» **Exercise details**: Apart from the pictures, write out the records that follow exactly.
————
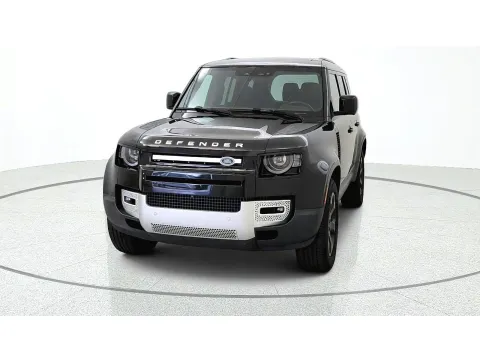 Another view of 2023 Land Rover Defender SE for sale in Florence, KY at Tom Gill Chevrolet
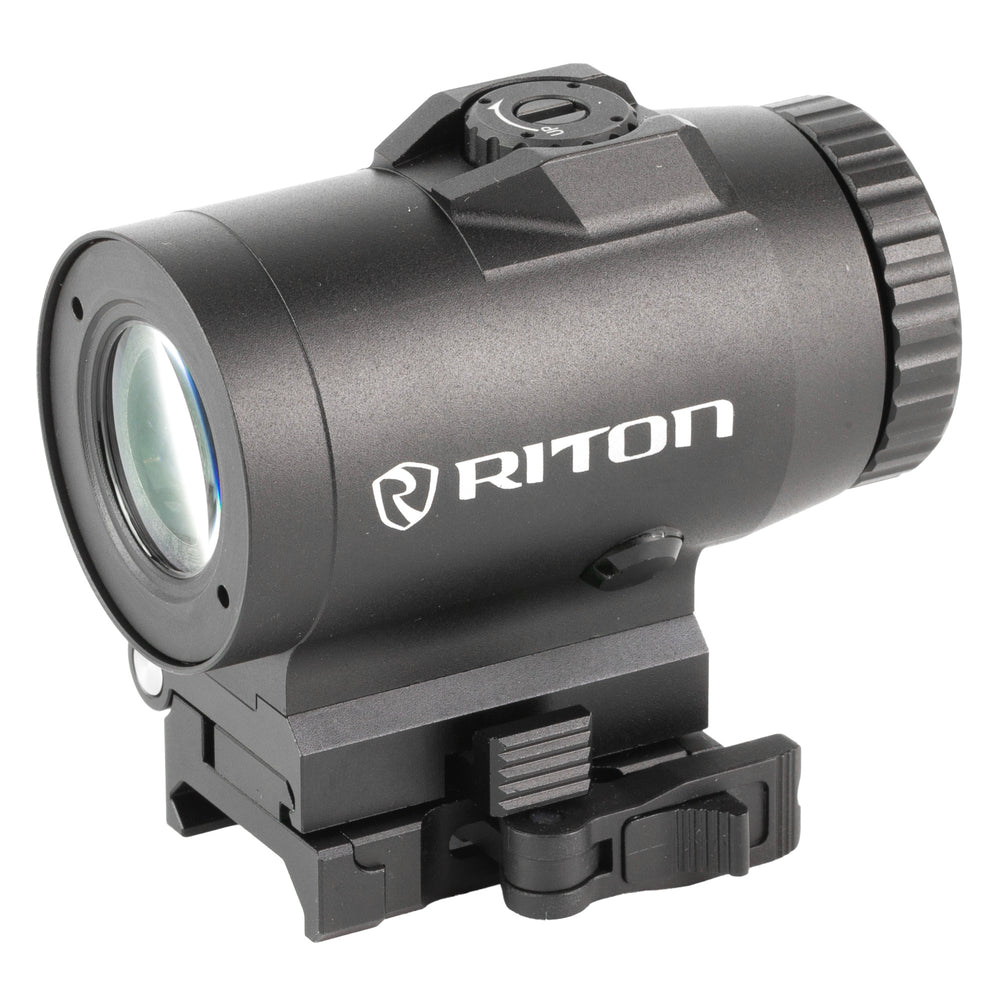 Riton 3 Tactix 3X Magnifier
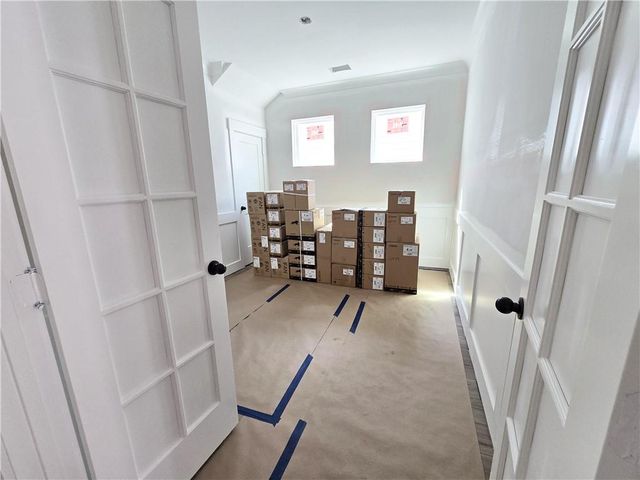 516 Pine Bough Road, Ball Ground, GA 30107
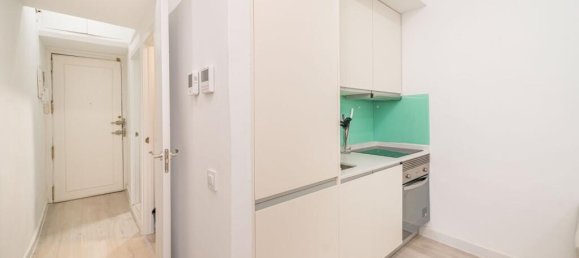 Apartamento de 1 dormitorio en Madrid, Spain No. 246191 20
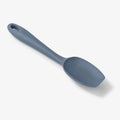 Zeal Silicone Spatula Spoon 20cm Provence Blue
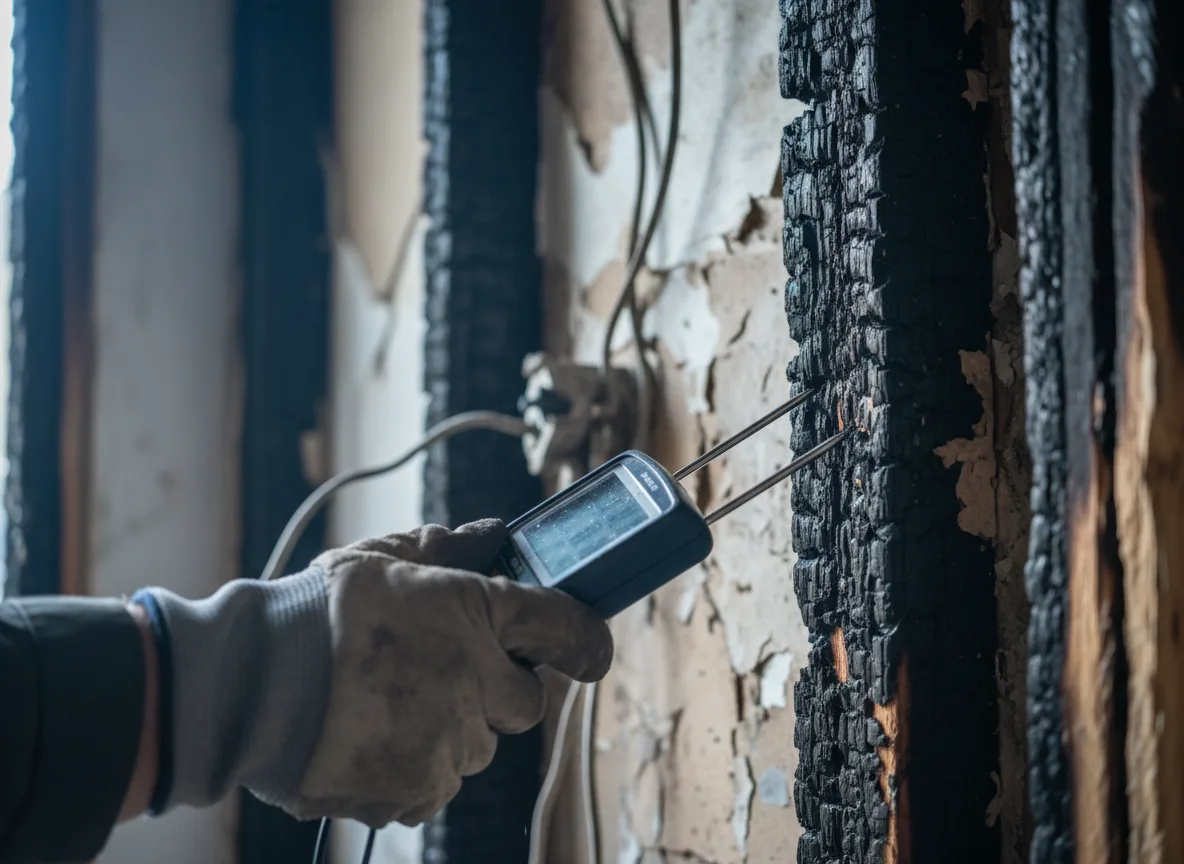 Fire Damage Restoration Coalgate, OK FAQs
————
» **Answer space**:
 Another view of 2023 Land Rover Defender SE for sale in Florence, KY at Tom Gill Chevrolet
 Riton 3 Tactix 3X Magnifier
 516 Pine Bough Road, Ball Ground, GA 30107
 Apartamento de 1 dormitorio en Madrid, Spain No. 246191 20
 Zeal Silicone Spatula Spoon 20cm Provence Blue
 Fire Damage Restoration Coalgate, OK FAQs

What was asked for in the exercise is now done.